How to get the actual values from Euler's Phi function

Question

I would like to get the list of actual values from Euler's Phi function. For example:

$$\phi(12) = |1,5,7,11| = 4 $$ and I would like to get the actual list $$[1,5,7,11]$$

Of course the naive way is to calculate all the gcd values, but I'm looking to something faster.

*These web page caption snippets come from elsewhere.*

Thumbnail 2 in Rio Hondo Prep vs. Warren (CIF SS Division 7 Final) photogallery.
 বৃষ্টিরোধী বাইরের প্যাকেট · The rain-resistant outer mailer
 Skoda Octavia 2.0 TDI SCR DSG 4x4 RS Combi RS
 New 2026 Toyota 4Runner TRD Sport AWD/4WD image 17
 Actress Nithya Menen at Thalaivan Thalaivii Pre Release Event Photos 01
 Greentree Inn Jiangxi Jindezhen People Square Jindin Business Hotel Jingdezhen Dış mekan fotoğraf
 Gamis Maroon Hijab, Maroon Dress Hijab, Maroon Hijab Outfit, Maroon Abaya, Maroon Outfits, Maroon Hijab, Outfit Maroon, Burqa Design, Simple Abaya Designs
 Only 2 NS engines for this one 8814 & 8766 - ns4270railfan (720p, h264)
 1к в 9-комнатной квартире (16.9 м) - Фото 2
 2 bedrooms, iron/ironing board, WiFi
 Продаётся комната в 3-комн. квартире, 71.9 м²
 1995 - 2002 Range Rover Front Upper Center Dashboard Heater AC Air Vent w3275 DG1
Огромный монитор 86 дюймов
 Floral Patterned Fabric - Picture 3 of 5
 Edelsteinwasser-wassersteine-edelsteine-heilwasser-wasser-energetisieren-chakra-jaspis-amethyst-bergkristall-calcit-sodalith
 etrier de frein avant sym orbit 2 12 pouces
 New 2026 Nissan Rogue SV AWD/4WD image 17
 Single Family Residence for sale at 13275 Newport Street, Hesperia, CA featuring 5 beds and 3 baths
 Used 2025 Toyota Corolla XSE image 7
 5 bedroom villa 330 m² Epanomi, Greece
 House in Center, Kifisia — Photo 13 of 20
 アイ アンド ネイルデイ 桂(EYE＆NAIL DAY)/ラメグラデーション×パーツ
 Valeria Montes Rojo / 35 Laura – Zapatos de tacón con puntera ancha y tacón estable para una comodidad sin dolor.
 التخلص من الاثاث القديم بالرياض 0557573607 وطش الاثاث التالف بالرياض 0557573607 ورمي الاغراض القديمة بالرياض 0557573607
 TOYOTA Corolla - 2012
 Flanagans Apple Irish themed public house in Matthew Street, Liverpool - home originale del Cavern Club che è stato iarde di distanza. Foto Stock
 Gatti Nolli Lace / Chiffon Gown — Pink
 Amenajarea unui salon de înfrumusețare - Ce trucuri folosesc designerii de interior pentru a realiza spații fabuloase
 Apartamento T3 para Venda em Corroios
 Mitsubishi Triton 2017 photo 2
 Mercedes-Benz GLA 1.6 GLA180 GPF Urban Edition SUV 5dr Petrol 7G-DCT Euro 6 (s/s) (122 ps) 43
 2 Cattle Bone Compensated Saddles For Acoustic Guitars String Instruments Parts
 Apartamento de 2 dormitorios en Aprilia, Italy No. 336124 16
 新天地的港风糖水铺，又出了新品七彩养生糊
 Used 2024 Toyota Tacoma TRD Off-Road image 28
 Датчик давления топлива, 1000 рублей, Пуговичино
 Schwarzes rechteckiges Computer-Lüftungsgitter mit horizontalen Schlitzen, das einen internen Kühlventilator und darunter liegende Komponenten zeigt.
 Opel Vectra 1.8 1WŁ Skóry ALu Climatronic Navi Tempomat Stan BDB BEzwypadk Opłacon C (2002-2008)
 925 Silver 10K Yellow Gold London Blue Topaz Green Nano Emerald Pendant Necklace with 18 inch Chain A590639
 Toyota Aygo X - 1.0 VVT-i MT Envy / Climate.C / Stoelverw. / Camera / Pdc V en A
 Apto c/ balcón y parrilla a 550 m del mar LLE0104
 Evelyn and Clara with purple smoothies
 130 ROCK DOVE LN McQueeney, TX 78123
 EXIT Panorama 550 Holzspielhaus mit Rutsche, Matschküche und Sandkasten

I tried using the following property:

$$p \in PRIMES, k \in \mathbb{N} => \phi(p^k) = p^{k-1}(p-1)$$

$$\phi(n) = \phi(\prod{p_1^{k_1}\cdot\cdot\cdot p_m^{k_m}}) = \phi(p_1^{k_1})...\phi(p_m^{k_m}) = p_1^{k_1-1}(p_1-1)\cdot\cdot\cdot p_m^{k_m-1}(p_m-1) $$

but even in the simple case of $$\phi(12)$$ it is not clear to me how to get the list.

Is there such an algorithm?

Answer 1

Well, a number smaller than $n$ is relatively prime to $n$ if and only if it is not divisible by any of $n$'s prime factors. That gives you a simple algorithm to find the numbers relatively prime to $n$.
1) Find all primes dividing $n$.
2) Go through all numbers $1,2,3,...,(n-1)$ and see if they are divisible by any of the primes which divide $n$.

In your example you have $1,5,7,11$, these are just the numbers smaller than $12$ which are not divisible by $2$ and $3$.

Answer 2

Using the *Chinese Reaminder theorem`, you come down todetermine the units $\mathbf Z/p^r\mathbf Z$ for prime $p$.

If $p=2$, it's very simple: all odd numbers in $[1 , p^r-1]$ are units.

If $p$ is an odd prime, the group of units is cyclic. Hence you can test all integers $a$, starting with $2$, computing their powers, until you find one with order $p^{r-1}(p-1)$. This should be faster than computing all g.c.d.s, all the more so as often a generator is obtained for a small value of $a$.